In 2018, Theresa May’s government abolished caps on the amounts local authorities could borrow to invest in housing as part of a commitment to build “a new generation of council homes to help fix our broken housing market”. The Government anticipated that removing the borrowing caps would enable councils to build around 10,000 new homes per year.

The £11.4 billion Affordable Homes Programme 2021-26 is now expected to deliver 157,000 new homes between 2021 and 2026, against a target of up to 180,000. Of these, 33,550 are expected to be homes for social rent. Updated guidance in February 2023 described social rented housing as “a priority for the fund” and said social rent specific grant rates could be accessed in all parts of the country subject to meeting Homes England’s value-for-money assessments.

Michael Gove, Secretary of State at DLUHC, told ITN’s Daniel Hewitt in July 2023 that he “would like to see 30,000 new social homes being built at least every year”.

However, social housing providers face challenges in increasing the delivery of social rented housing.
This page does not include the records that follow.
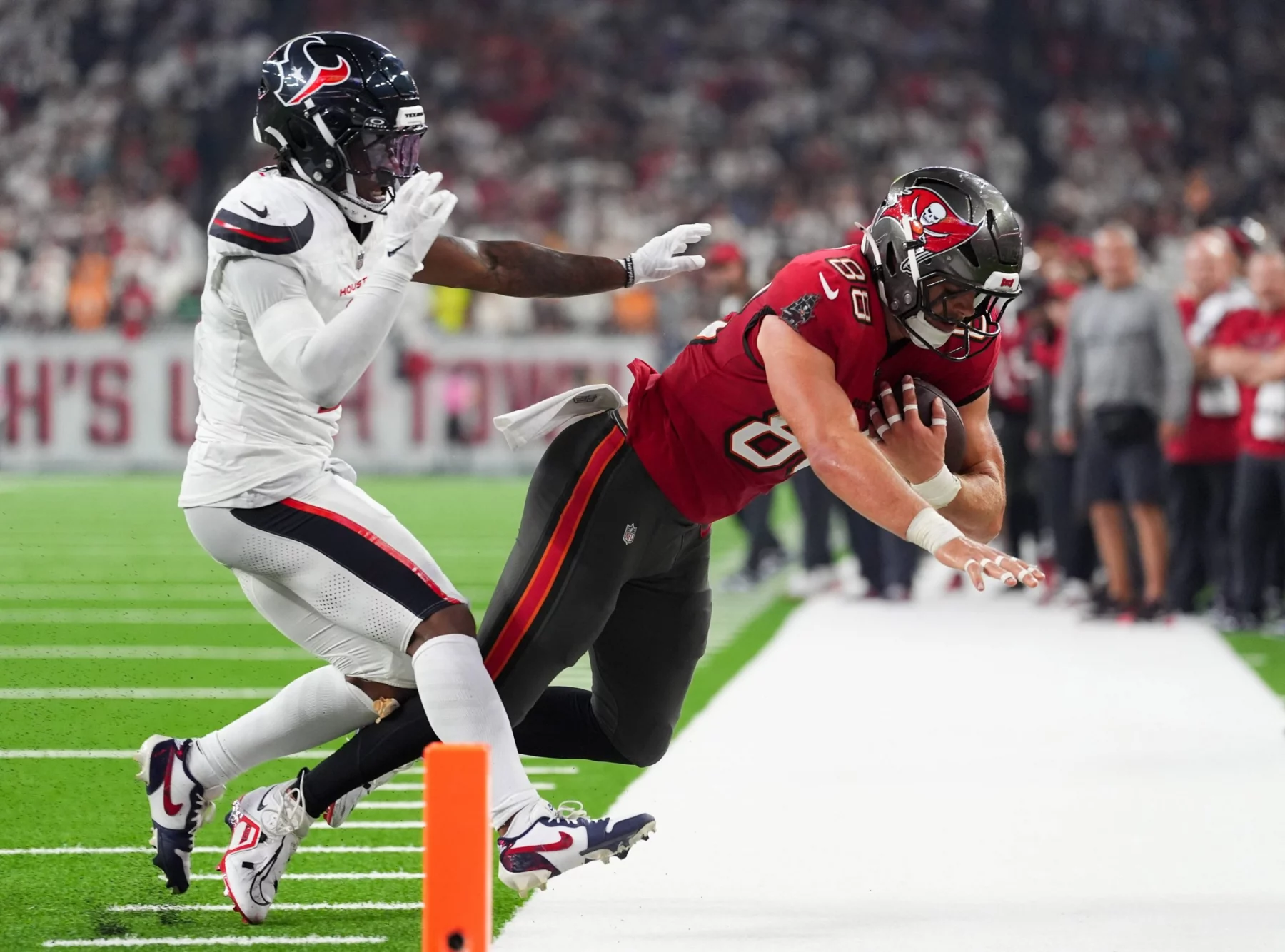 Ein Footballspieler in einem roten Trikot der Tampa Bay Buccaneers springt mit dem Ball in Richtung Endzone, dicht verfolgt von C.J. Gardner-Johnson. Die Aktion findet in der Nähe der Seitenlinie statt, wobei der orangefarbene Pylon die Torlinie markiert. Diese Beschreibung wurde mit der FootballR KI automatisch generiert.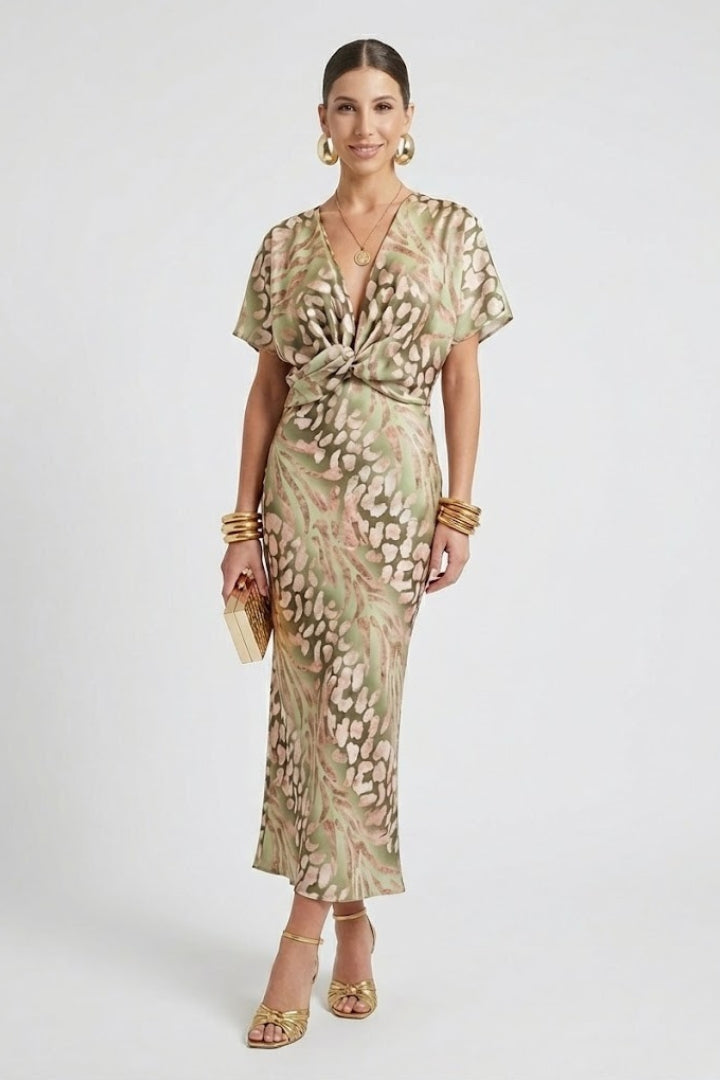 Green floral midi dress for women featuring a V-neck, short sleeves, and an elegant pleated hem. Ideal for spring.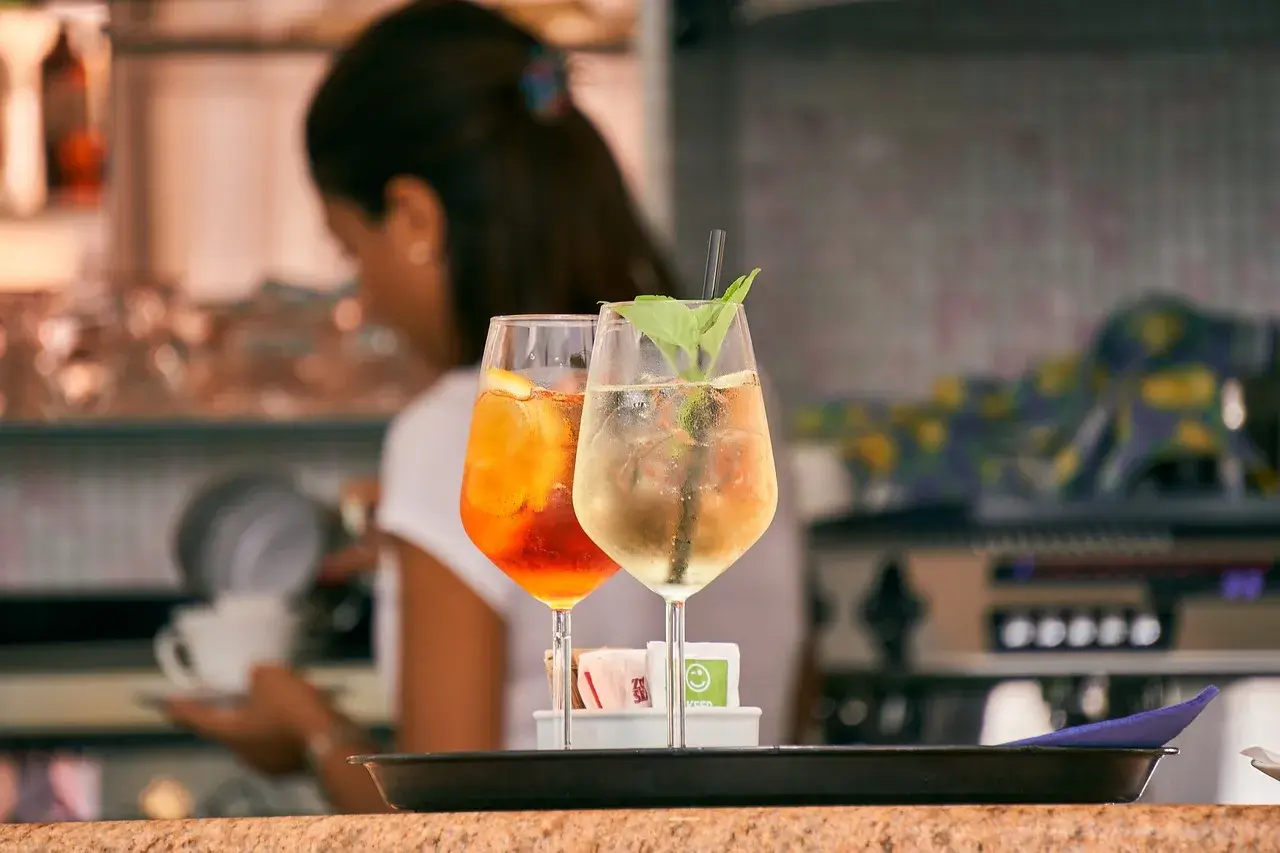 Dwa drinki: pomarańczowy Aperol Spritz i jasny Hugo. Różnica między aperol spritz a hugo w składnikach i kaloryczności jest widoczna.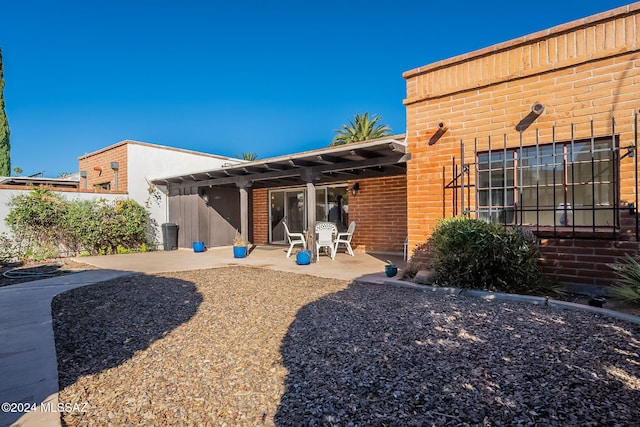 rear view of property with a patio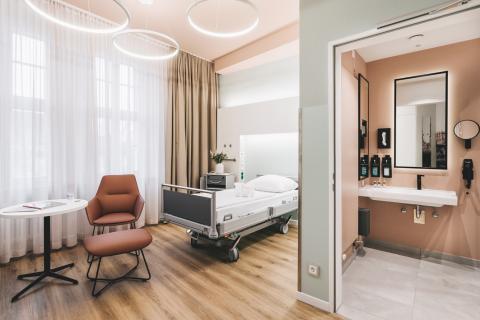 Wahlleistungszimmer im Krankenhaus St. Joseph-Stift Dresden: Blick in das Zimmer mit Bett und Sitzecke, rechts durch die offene Tür ein Blick in das angrenzende Badezimmer, links im Bild die Wandgestaltung mit Motiven der Dresdner Stadtansicht.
These include:

  • limited grant funding from central government.
  • restrictions on the use of Right to Buy receipts (although additional flexibilities were introduced on 31 March 2023 for two years).
  • financial pressures from inflation and the need to improve standards in existing stock and meet decarbonisation requirements. 26% of respondents to the Housing Sector Survey 2023 (PDF) cited financial capacity as the biggest challenge for building homes.
  • the cost of borrowing.

Shelter’s Unlocking Social Housing report (April 2022) looks at the barriers to develop social rented housing in England and covers several of the issues and suggested responses referred to in this briefing. The Local Government Association (July 2023) has set out a six-point plan to produce a “generational step-change” in council housebuilding.

Inside Housing magazine has launched a Build Social campaign, calling on all political parties to commit to building substantial numbers of social rented homes. Labour, the Liberal Democrats and the Green Party have made such a commitment.